The task: The lines of the records that include "plants" should all be copied.

Records excerpted from a collection
▬▬▬▬▬▬▬▬▬▬
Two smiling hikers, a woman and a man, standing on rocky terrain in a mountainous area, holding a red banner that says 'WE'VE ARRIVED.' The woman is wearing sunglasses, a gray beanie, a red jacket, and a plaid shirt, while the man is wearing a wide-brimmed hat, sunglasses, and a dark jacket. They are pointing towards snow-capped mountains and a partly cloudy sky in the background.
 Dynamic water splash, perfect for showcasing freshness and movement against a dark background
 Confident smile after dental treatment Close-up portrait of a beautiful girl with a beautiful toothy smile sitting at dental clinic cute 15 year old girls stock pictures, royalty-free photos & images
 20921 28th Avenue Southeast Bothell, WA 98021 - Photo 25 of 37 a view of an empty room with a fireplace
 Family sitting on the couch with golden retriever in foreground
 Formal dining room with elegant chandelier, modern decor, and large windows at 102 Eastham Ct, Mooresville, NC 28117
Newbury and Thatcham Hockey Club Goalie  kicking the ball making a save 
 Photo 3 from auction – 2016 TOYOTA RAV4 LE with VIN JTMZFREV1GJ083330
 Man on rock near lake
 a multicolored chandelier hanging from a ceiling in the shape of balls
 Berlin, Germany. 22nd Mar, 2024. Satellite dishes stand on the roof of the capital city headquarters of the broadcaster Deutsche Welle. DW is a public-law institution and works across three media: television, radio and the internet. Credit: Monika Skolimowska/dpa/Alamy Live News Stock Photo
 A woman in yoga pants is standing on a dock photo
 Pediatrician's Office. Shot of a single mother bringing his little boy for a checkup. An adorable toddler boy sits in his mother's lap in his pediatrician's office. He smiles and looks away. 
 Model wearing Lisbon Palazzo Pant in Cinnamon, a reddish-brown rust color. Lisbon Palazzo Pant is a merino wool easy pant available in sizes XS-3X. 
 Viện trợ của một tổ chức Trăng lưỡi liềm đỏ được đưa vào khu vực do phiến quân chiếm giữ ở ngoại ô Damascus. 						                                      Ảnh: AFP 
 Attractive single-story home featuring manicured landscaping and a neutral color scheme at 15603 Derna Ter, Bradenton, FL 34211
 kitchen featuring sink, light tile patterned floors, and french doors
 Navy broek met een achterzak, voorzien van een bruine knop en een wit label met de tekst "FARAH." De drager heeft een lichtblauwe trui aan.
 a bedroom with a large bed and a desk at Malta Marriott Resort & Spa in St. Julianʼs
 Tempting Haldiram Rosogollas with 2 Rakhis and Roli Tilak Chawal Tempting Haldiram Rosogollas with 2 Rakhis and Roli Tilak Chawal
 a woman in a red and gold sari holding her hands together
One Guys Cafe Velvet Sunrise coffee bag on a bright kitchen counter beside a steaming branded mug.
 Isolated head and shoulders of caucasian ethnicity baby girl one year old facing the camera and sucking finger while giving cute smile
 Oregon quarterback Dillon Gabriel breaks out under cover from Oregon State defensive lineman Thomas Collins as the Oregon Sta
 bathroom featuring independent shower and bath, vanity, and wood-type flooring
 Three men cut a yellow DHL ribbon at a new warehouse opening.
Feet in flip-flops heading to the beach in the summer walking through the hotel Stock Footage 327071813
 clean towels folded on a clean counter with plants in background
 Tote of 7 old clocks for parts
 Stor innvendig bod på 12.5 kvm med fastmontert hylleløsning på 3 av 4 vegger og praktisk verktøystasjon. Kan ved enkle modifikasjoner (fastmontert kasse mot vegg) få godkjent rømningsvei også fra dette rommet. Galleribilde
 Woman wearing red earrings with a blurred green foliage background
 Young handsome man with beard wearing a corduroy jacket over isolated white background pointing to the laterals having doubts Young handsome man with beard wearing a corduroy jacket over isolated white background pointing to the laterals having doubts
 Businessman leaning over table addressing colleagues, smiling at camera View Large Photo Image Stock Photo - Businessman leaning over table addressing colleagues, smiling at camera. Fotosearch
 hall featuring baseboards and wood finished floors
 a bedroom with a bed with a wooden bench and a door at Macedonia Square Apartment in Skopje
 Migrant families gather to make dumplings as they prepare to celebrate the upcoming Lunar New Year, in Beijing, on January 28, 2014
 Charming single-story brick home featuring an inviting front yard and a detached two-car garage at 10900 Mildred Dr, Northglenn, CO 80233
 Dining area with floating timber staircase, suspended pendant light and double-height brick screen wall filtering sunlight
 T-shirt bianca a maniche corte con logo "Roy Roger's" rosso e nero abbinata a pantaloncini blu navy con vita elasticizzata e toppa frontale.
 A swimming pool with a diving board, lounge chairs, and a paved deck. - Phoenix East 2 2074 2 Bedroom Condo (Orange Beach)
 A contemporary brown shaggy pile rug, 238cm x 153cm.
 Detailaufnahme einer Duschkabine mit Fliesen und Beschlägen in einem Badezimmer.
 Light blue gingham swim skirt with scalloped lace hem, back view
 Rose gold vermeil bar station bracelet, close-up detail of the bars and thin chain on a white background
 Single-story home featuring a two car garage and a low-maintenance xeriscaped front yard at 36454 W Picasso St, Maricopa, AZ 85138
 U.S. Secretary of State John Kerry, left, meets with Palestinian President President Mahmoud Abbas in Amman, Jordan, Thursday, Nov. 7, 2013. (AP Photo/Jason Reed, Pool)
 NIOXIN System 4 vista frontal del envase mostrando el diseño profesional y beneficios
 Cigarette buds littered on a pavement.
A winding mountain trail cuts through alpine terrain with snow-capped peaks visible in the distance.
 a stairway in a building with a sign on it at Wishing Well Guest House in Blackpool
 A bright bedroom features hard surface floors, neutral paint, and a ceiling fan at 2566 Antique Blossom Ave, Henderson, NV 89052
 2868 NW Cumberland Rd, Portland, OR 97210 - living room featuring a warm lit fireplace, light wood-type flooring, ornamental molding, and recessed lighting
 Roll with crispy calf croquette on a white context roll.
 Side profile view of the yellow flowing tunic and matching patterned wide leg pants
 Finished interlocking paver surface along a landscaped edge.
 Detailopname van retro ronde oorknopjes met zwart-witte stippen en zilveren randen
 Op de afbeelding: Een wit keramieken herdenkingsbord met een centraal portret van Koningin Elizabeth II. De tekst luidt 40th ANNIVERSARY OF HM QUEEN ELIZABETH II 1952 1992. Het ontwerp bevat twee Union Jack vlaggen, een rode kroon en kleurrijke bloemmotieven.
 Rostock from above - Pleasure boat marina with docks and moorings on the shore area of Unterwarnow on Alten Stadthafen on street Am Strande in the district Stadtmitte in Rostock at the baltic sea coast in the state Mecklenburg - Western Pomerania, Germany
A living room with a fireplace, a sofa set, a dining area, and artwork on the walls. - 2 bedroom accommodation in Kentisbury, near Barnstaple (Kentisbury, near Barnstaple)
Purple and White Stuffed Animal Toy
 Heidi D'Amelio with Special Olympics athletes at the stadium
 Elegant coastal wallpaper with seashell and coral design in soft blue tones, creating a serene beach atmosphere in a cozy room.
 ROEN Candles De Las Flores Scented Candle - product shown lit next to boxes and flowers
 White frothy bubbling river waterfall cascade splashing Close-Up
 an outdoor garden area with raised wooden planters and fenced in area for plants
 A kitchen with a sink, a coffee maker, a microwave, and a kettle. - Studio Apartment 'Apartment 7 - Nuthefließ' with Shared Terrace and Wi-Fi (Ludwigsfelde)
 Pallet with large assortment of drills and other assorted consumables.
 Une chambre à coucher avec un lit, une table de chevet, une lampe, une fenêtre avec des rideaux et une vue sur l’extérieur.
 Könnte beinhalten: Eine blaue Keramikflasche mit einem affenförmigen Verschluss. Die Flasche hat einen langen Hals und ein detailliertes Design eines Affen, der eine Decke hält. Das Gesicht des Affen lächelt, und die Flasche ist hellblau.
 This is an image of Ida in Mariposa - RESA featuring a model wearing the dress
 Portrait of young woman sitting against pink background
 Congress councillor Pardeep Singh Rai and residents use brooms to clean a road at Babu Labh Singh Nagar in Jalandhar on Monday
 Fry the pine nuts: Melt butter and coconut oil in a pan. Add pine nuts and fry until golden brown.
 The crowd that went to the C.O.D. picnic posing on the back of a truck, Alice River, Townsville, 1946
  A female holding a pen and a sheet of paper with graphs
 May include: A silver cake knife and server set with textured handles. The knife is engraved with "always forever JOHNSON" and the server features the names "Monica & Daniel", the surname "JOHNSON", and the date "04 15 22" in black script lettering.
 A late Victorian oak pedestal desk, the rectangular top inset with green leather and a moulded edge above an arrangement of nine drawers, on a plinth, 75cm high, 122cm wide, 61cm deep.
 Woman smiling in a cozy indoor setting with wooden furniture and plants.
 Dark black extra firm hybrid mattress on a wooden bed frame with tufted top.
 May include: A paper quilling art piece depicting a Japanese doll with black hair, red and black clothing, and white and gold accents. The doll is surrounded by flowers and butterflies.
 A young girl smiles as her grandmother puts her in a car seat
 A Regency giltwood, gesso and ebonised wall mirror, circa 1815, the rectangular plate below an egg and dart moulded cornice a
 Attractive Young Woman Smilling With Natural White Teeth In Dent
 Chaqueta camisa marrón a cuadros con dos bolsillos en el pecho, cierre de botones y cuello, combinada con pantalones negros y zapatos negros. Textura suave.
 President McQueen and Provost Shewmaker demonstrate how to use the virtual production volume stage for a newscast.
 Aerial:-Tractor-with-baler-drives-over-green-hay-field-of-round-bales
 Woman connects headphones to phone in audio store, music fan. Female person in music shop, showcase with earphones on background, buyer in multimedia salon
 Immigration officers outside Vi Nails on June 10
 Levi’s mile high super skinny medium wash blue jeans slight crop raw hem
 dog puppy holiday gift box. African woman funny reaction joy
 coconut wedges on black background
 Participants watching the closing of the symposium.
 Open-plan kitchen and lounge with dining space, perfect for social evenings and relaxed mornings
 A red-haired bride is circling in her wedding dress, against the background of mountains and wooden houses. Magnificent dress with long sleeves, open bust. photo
▬▬▬▬▬▬▬▬▬▬
Result:
 clean towels folded on a clean counter with plants in background
 an outdoor garden area with raised wooden planters and fenced in area for plants
 Woman smiling in a cozy indoor setting with wooden furniture and plants.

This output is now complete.